Jessica Mason captained her university’s triathlon club, where she developed a passion for motivating people. Now a project engineer at the Mars Food factory in King’s Lynn, England, she continues to put this skill to use to encourage more young women to follow in her footsteps and pursue a STEM program.
She began her career in September 2016 when she joined the two-year graduate engineering program at Mars. Ahead of International Women in Engineering Day in June, she wrote a blog post to discuss her experience at Mars and offer advice to other women considering careers in fields of science, technology, engineering and math.
In the post, Jessica stresses the importance of role models, because women in STEM are underrepresented in everyday life, the media and popular culture.
“Fortunately, this situation is changing and through initiatives such as ‘STEM in The Pipeline,’ school girls can start to find role models closer to home,” she said.
She hopes that women in science and engineering like her, as well as teachers in STEM education can play a crucial part in inspiring students to consider careers which they have the talent for, but may not previously have contemplated.

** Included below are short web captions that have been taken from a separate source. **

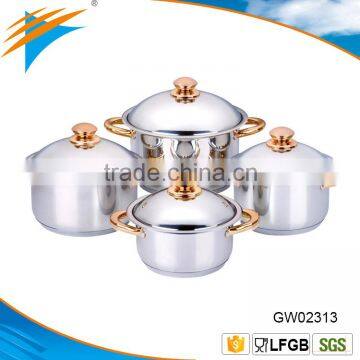 8PCS Wide Edge 18cm 20cm 22cm 24cm Stainless Steel Casserole Set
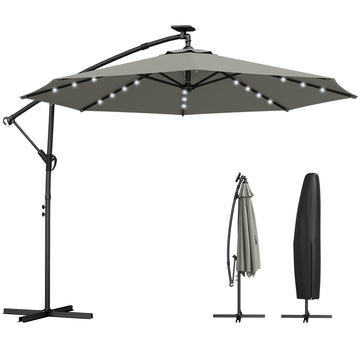 9.7 ft Cantilever Patio Umbrella with Solar Light, Garden Hanging Parasol with Cover, Tilt, Crank, Grey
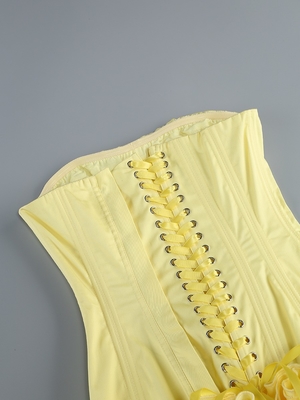 Polyester SB3430 Kimshein Mini Sleeveless Tight Bustier Dress Beautiful Sexy 3D Floral Dress Luxurious Elegant Women's Dress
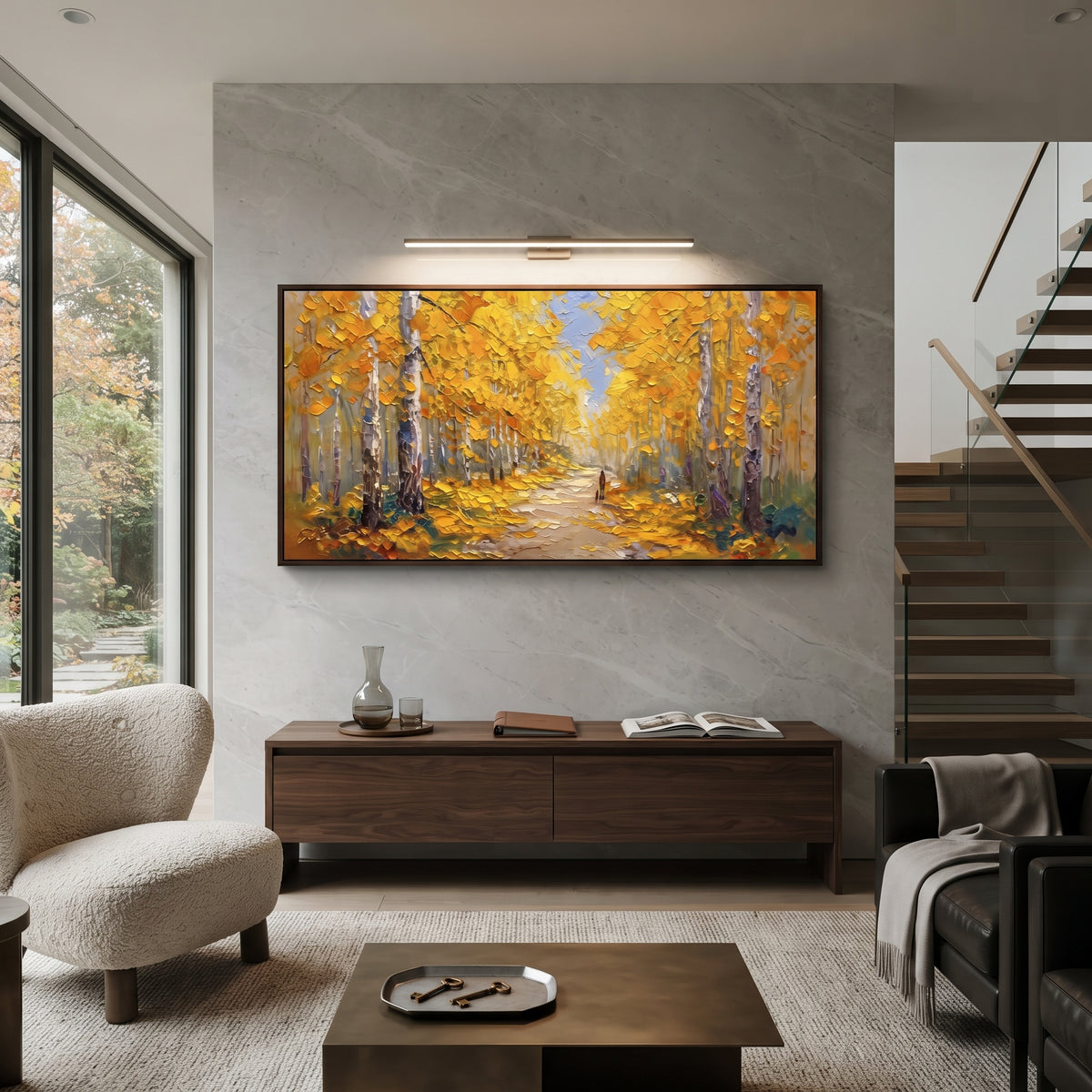 ARTWORK DETAILS Leafy Forest Avenue Painting is built from the actual artwork image: tree-lined autumn avenue with a bright leaf-covered path. The composition uses raised texture to separate tree trunks, leaf masses, ground movement, and soft background atmosphere, so the surface reads with real hand-painted depth from different viewing angles. The color direction is yellow, orange, green, chosen to keep the autumn mood warm while still leaving enough pale air and cool contrast for modern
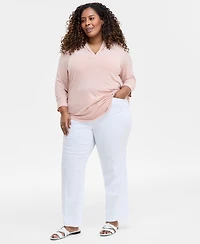 Jm Collection Plus Solid V-Neck 3/4-Sleeve Top, Exclusively at Macy's
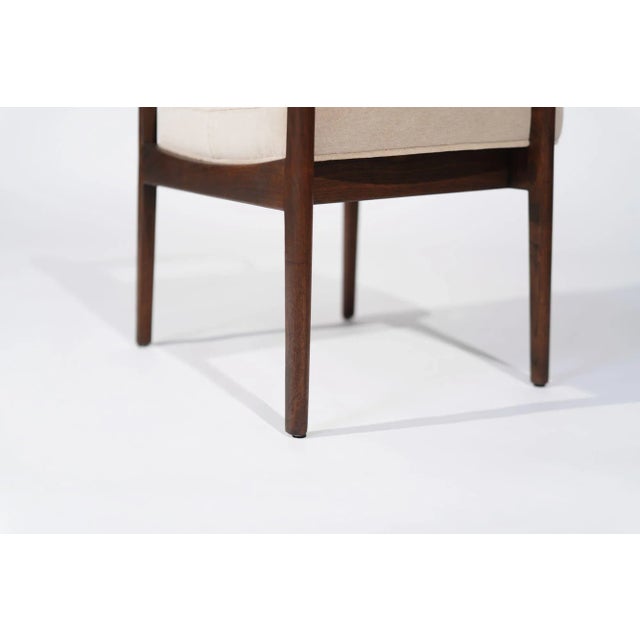 Pair of Jens Risom Walnut Armchairs in Natural Mohair, Circa 1950s For Sale - Image 11 of 11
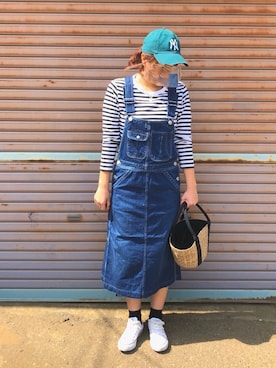 「OMNIGOD（オムニゴッド）のアイテム（オールインワン・サロペット）」を使った、coumeさん（レディース・161cm）の春コーディネート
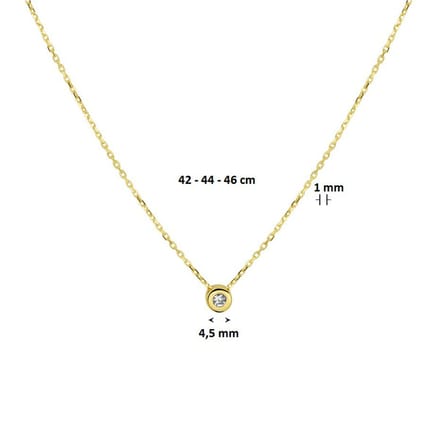 Collier Zirkonia 42 - 44 - 46 Cm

“Enthusiasm is vital,” she said. Whilst she acknowledged that there are certain academic requirements for STEM careers, she highlighted the need for more people who love what they do. “This industry needs passionate and ambitious people and we’re looking for individuals who can demonstrate these characteristics in whatever they’re doing.”
Jessica expressed her appreciation for the Mars Graduate Development Program, where she gained valuable experience working with supportive and talented colleagues in both Mars Petcare and Mars Food. Whilst she confessed that careers in engineering can be challenging like any other, it is also extremely exciting and rewarding.
“Hard work pays off and it’s a proud moment when you can look back at the end of a project and see the results of all the work you’ve put in,” she said.